*Records provided*:

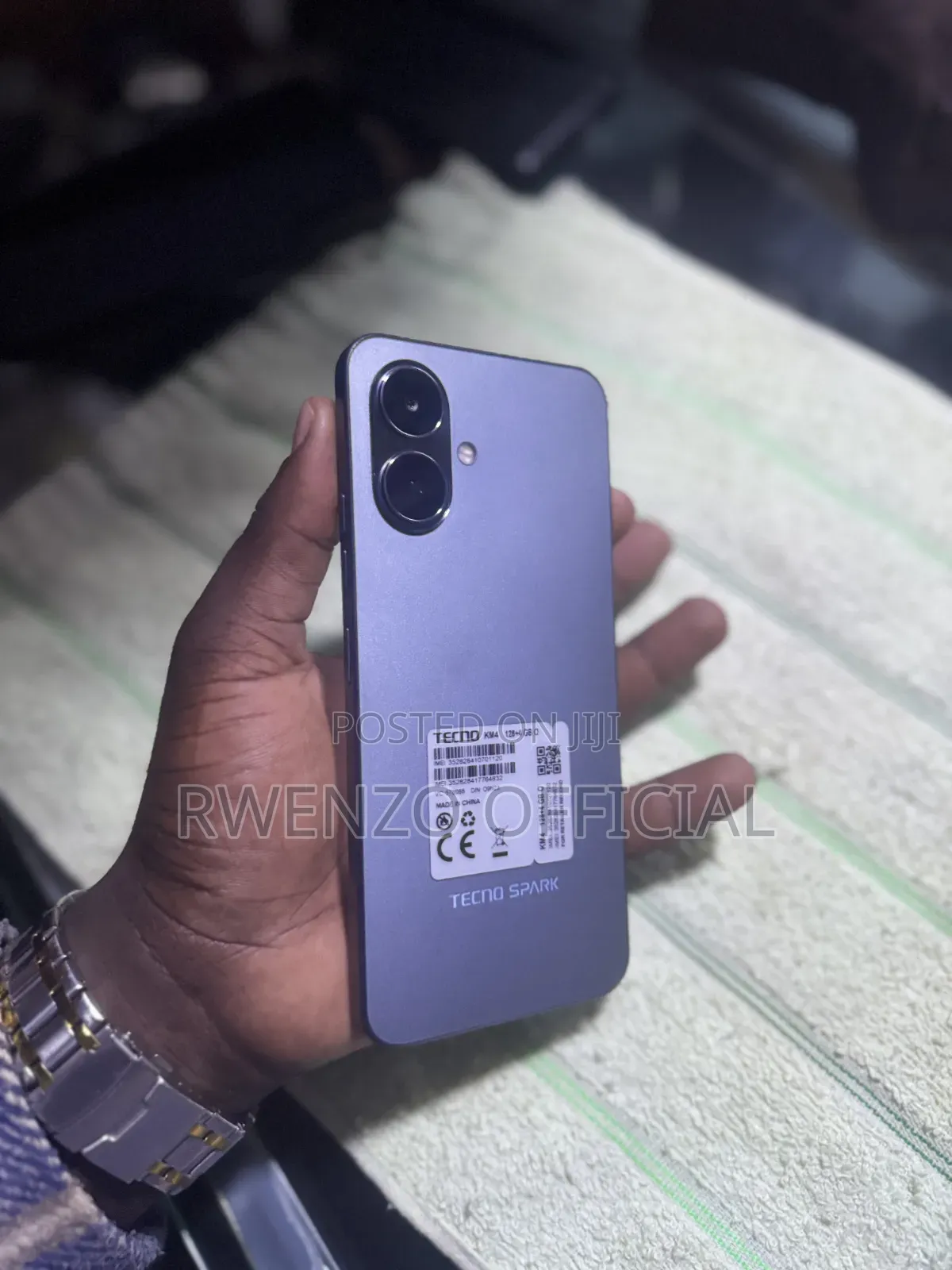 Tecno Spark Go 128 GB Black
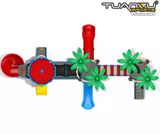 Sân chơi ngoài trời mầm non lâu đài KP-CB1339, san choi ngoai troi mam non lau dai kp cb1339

...

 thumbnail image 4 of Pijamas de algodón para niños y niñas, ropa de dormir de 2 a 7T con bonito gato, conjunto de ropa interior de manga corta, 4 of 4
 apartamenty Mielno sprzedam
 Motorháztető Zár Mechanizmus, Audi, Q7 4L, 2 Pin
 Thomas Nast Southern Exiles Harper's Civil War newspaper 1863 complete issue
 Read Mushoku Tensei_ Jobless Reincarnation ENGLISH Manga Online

==

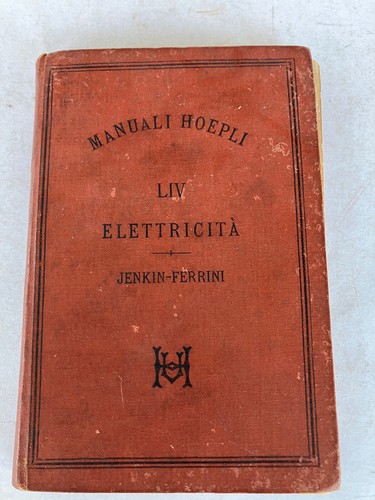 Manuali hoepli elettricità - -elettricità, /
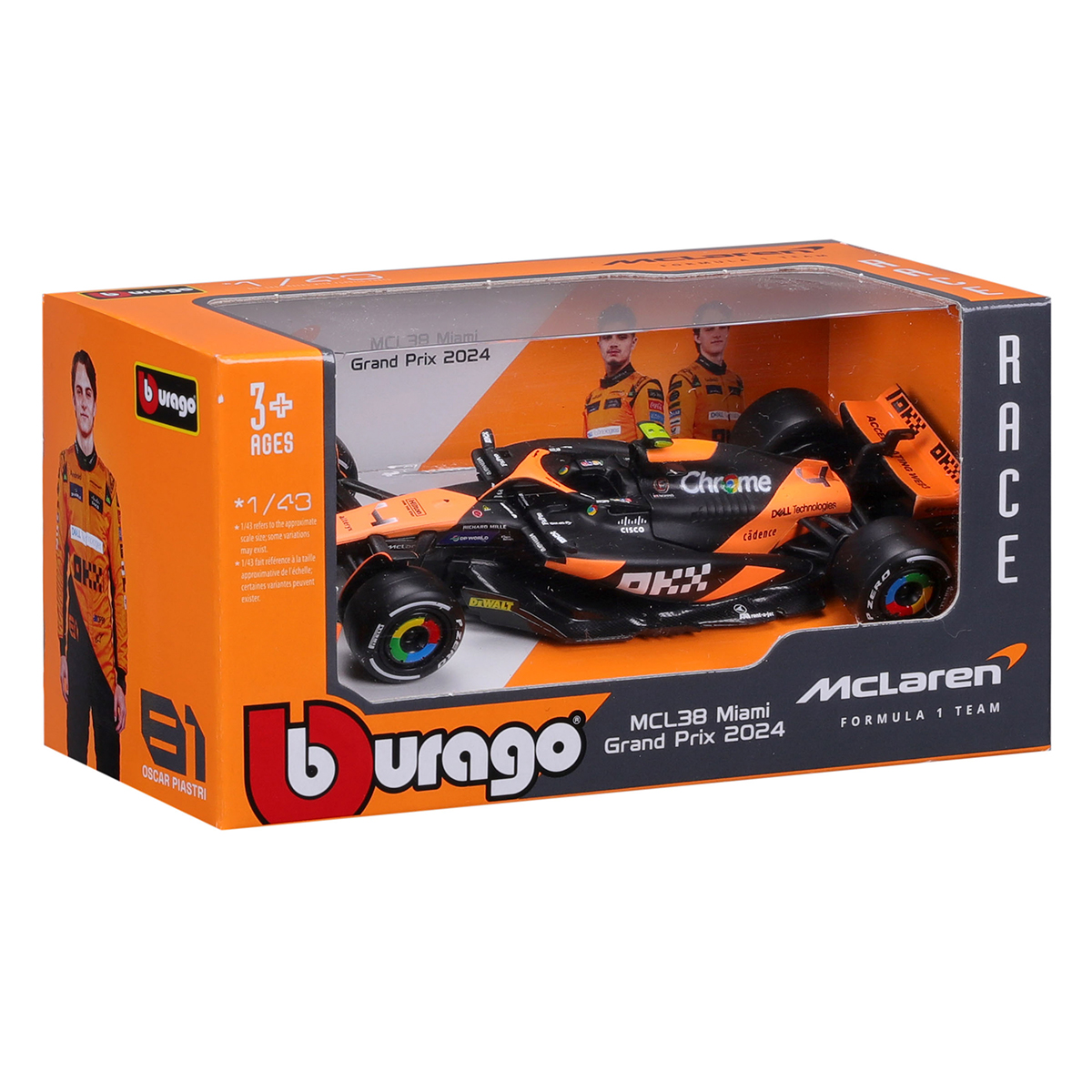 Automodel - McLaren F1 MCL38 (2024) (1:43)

*Work instruction*: Retype, in the same exact form, the lines of the material above from the line holding "Thomas Nast Southern" through the line holding "Read Mushoku Tensei_".

*Exercise response*:
 Thomas Nast Southern Exiles Harper's Civil War newspaper 1863 complete issue
 Read Mushoku Tensei_ Jobless Reincarnation ENGLISH Manga Online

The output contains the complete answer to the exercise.